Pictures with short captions
>>>
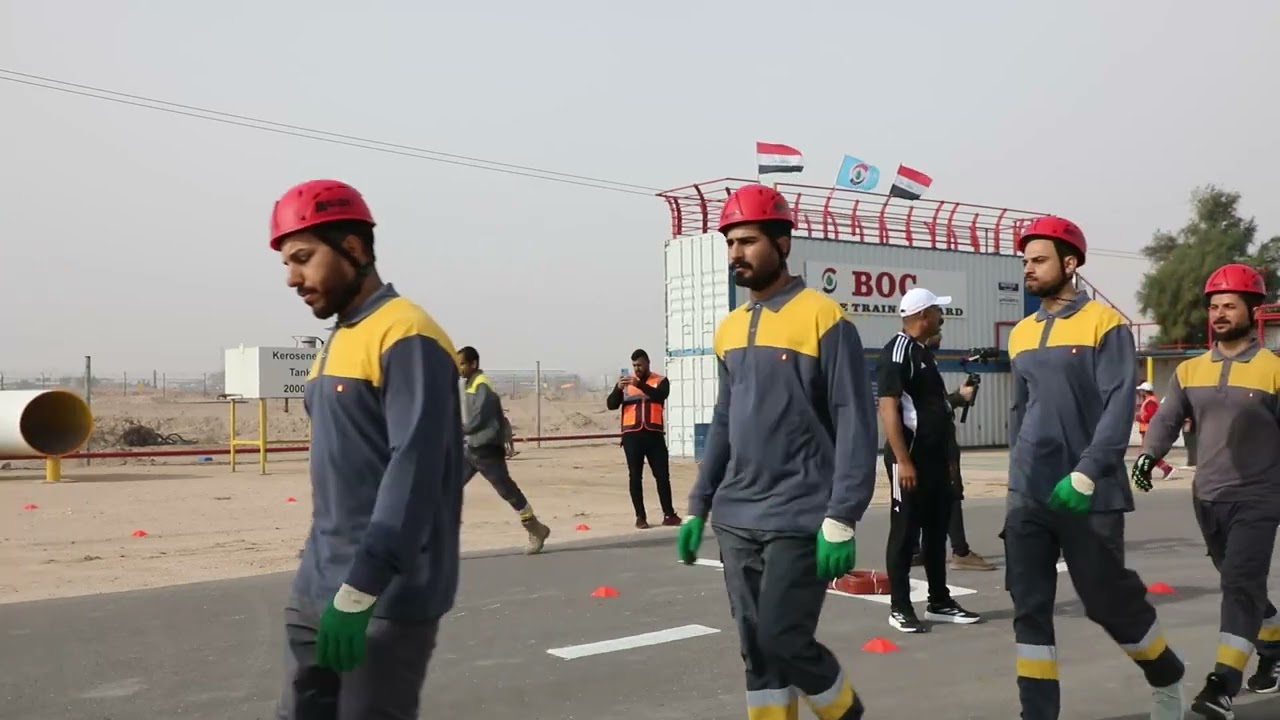 شركة نفط البصرة تنظم البطولة السنوية الأولى لمنافسات الإطفاء الميدانية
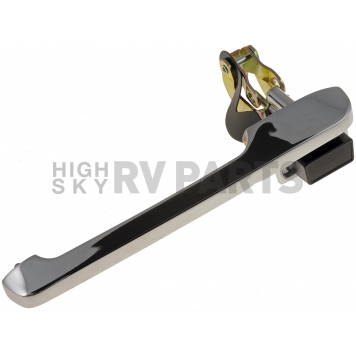 Help! By Dorman Exterior Door Handle - Plastic Silver Single - 77663-2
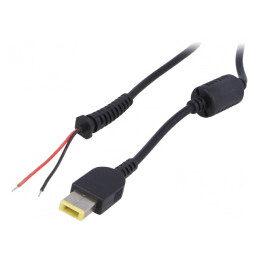 Cablu Slim 2x0,5mm2 Negru 1,2m | Electronic-mag.ro | Componente Electronice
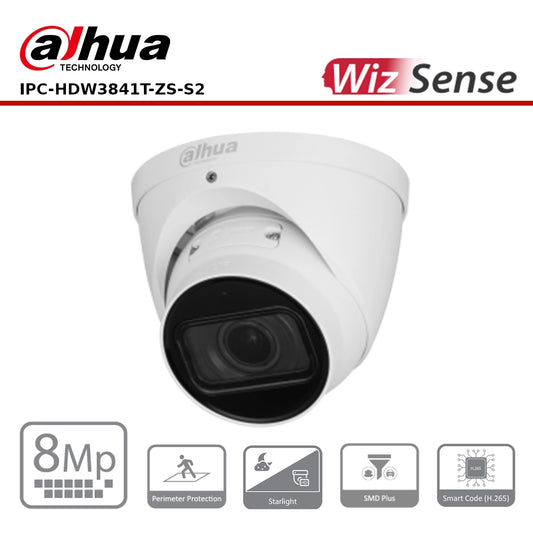 Dahua IPC-HDW3841T-ZS-S2 8MP IR Vari-focal Eyeball WizSense Network Camera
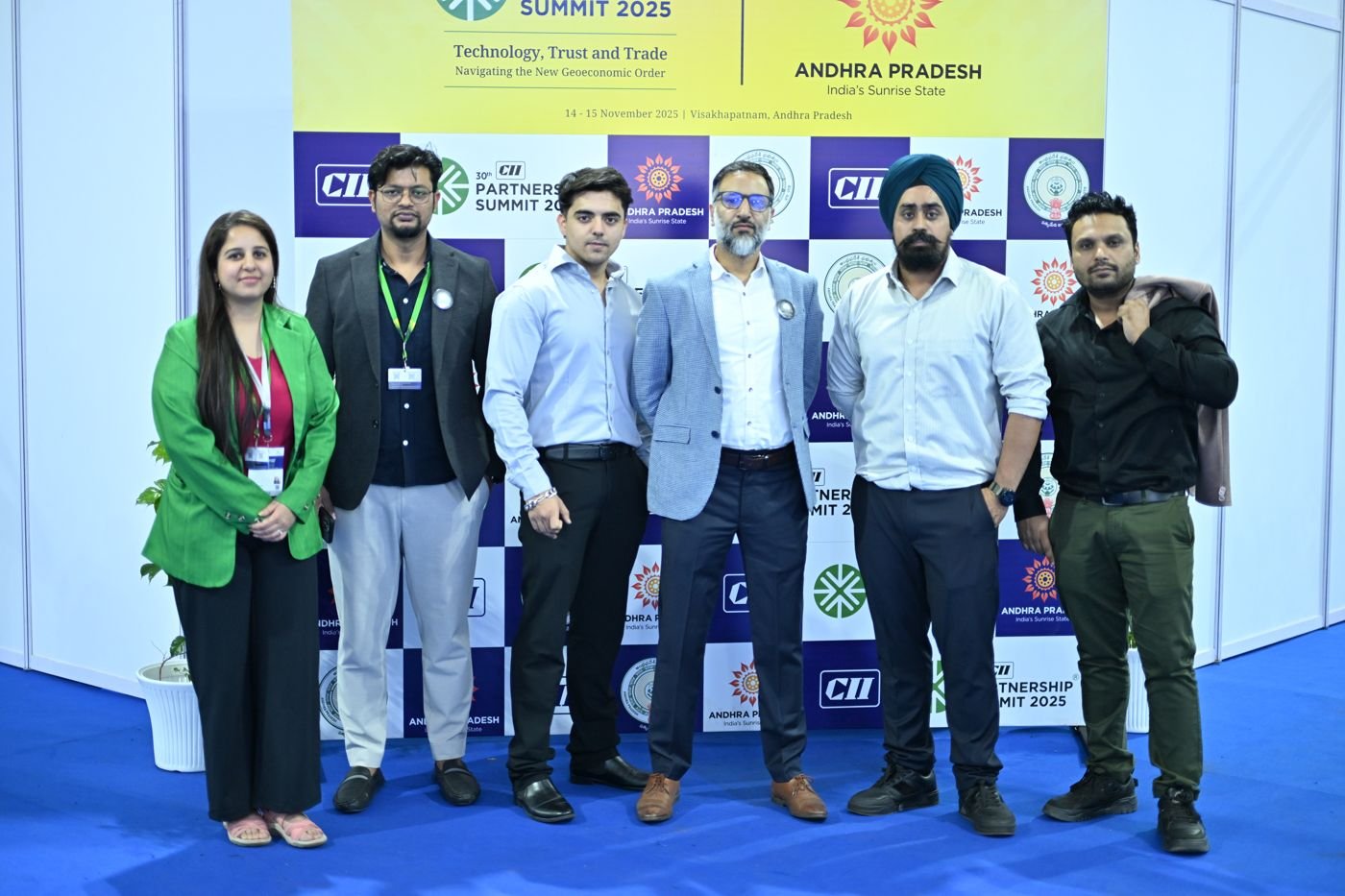 Team photo at the 30th CII Partnership Summit 2025 in Visakhapatnam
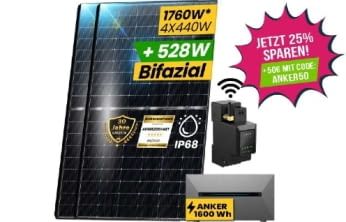 1760 Watt Balkonkraftwerk nur 1.659 Euro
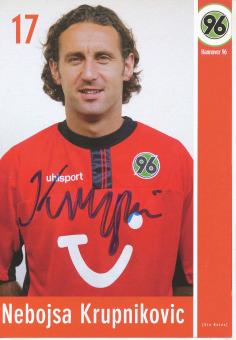 Nebojsa Krupnikovic  2002/2003  Hannover 96  Fußball Autogrammkarte original signiert 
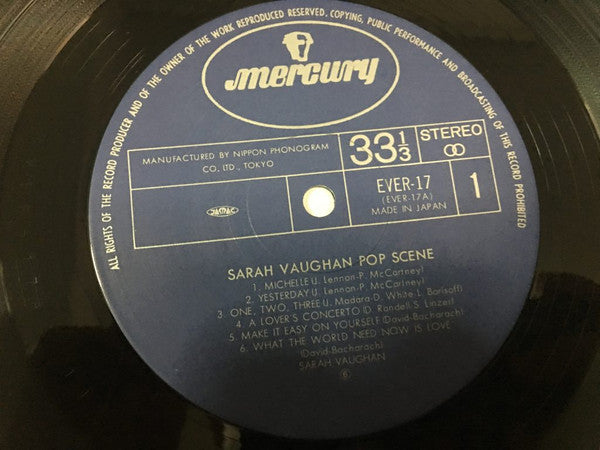 Sarah Vaughan - Pop Scene (LP)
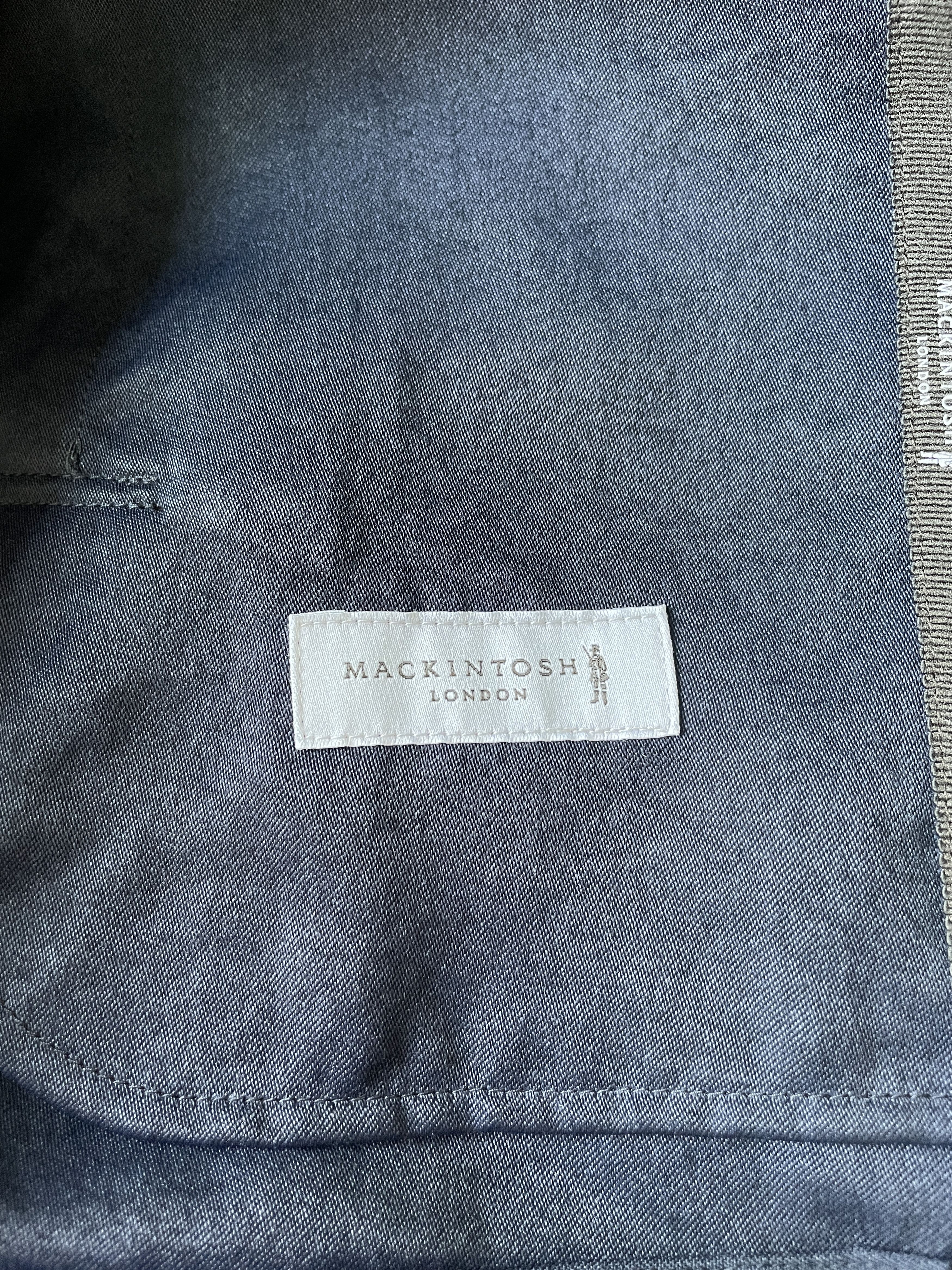 Mackintosh Mackintosh London Navy Hooded Jacket Zip Front Lightweight Size US M / EU 48-50 / 2 - 5 Thumbnail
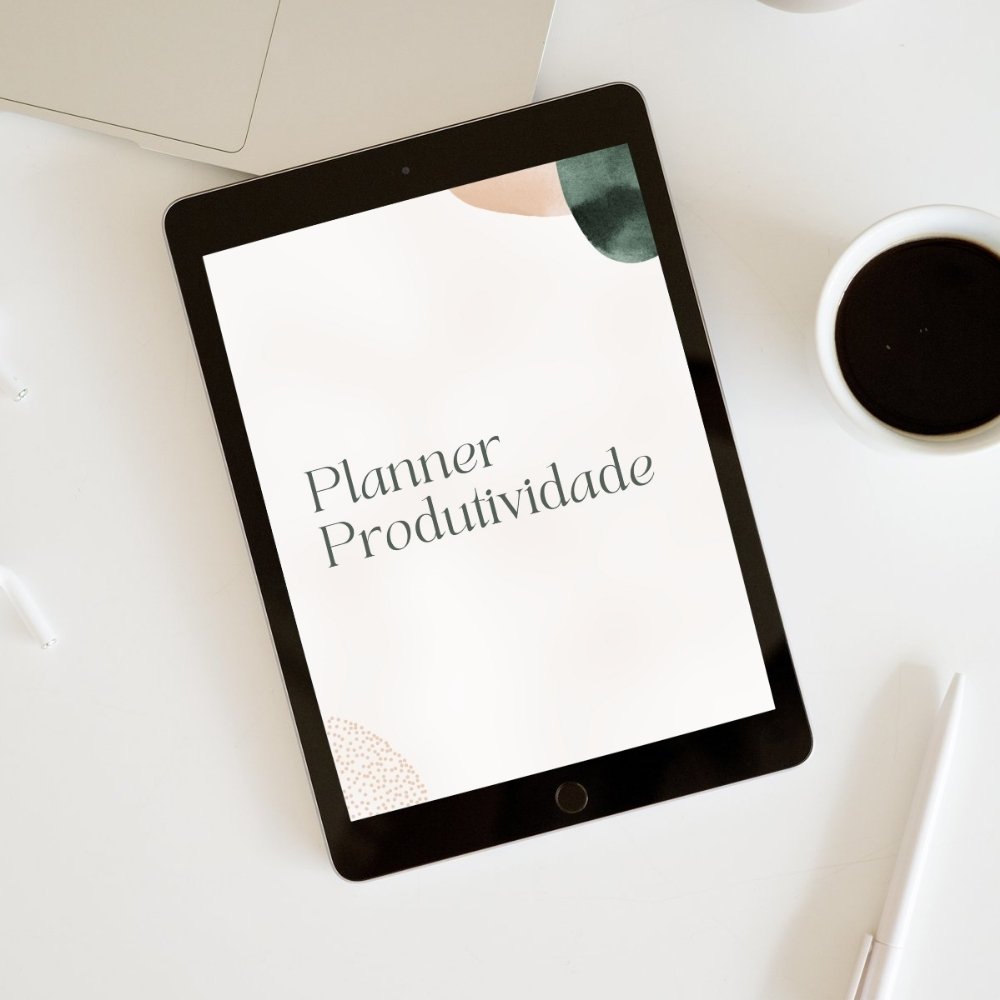 Planner de Produtividade Digital e para Imprimir - Natalia Delboux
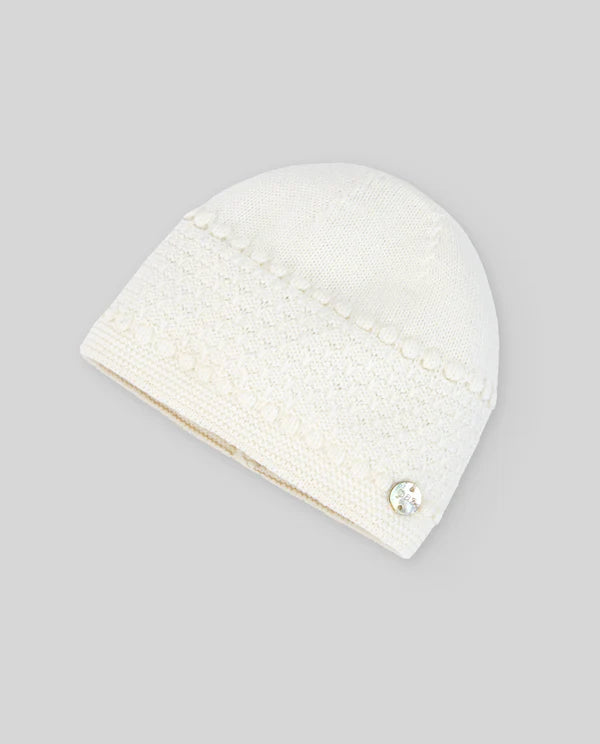 Paz knitted newborn beanie
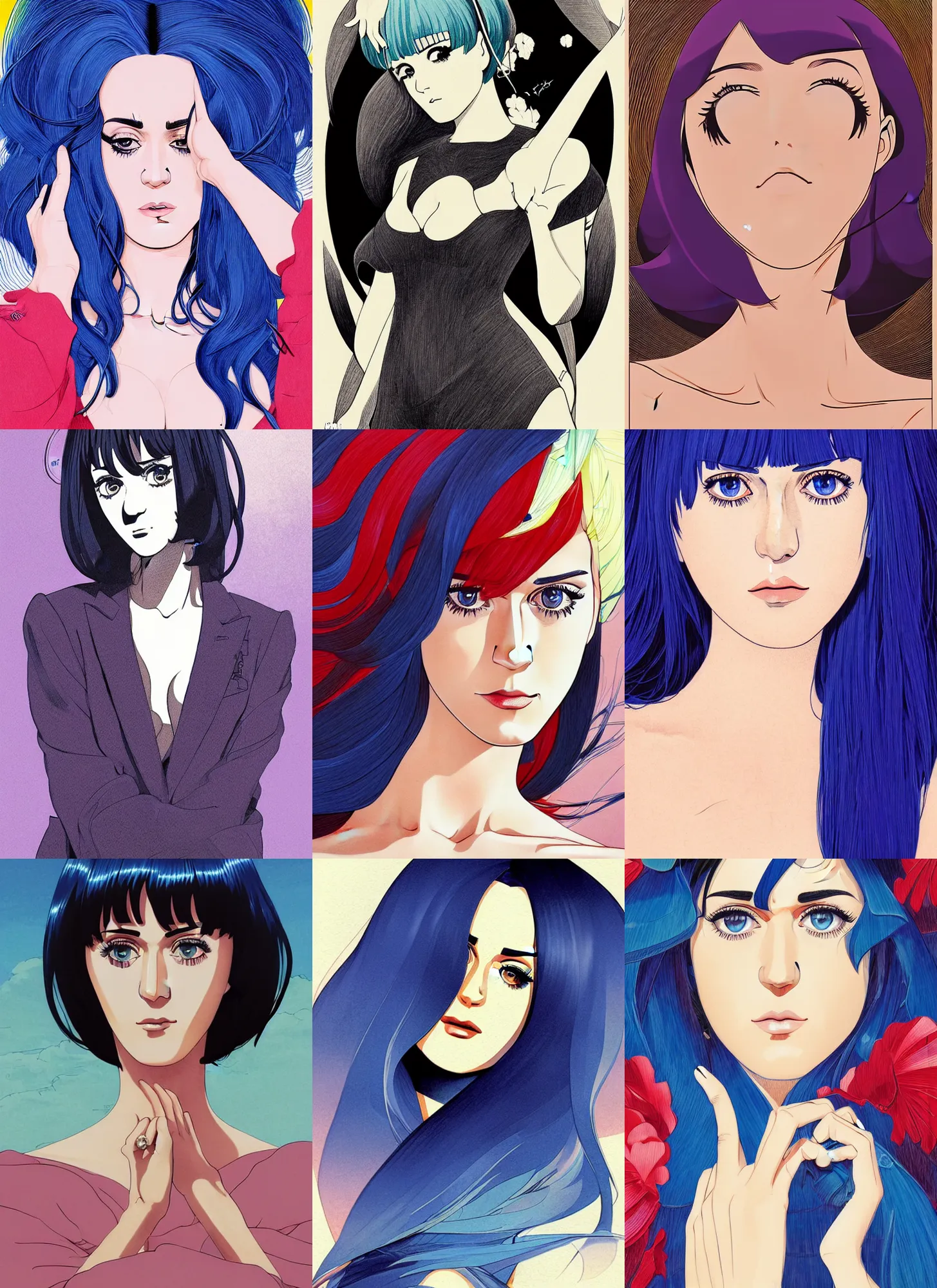 Prompt: un dia de paz! katy perry, arte koto no ha no niwa, makoto shinkai, moebius, milo manara, hugo pratt, french comic art, semi - realistic anime, portrait, beautiful face, symmetrical face, trending on pixiv, detailed, clean lines, sharp lines, crisp lines, award winning illustration, masterpiece, 4 k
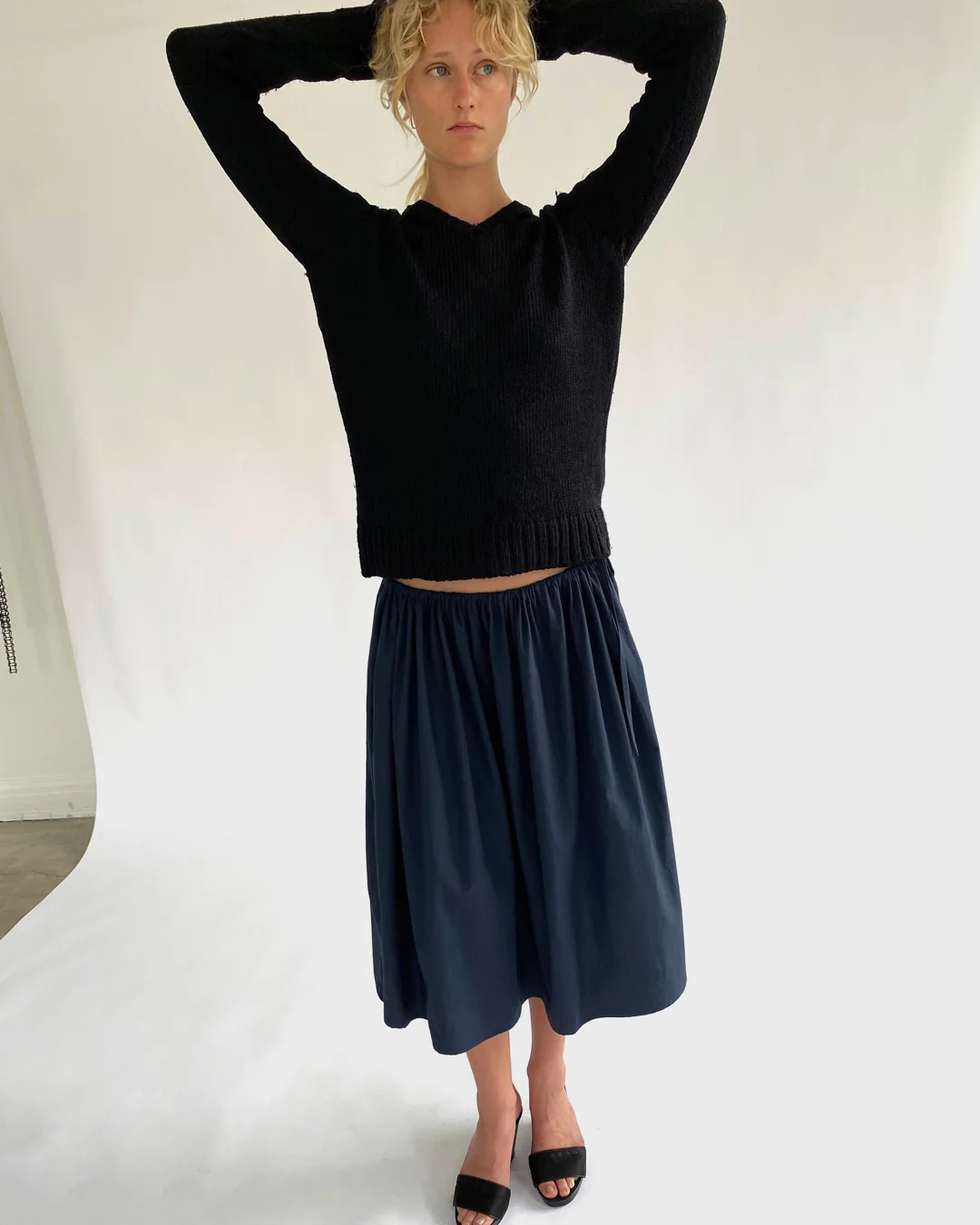Tie Skirt | Navy - Image 4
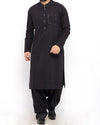 Image of Men Men Shalwar Qameez Black Cotton  Shalwar Qameez Suit with Stylish embroidery Details Product Code RQ-15305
<<<
WORK ITEM
Leave the pictures out, and transcribe exactly the lines above starting at the one that contains "Team photo at" and ending at the one that contains "Sarah Vaughan - Pop Scene (LP)".

RESULT BELOW
 Team photo at the 30th CII Partnership Summit 2025 in Visakhapatnam
 1760 Watt Balkonkraftwerk nur 1.659 Euro
 Nebojsa Krupnikovic  2002/2003  Hannover 96  Fußball Autogrammkarte original signiert 
 Sarah Vaughan - Pop Scene (LP)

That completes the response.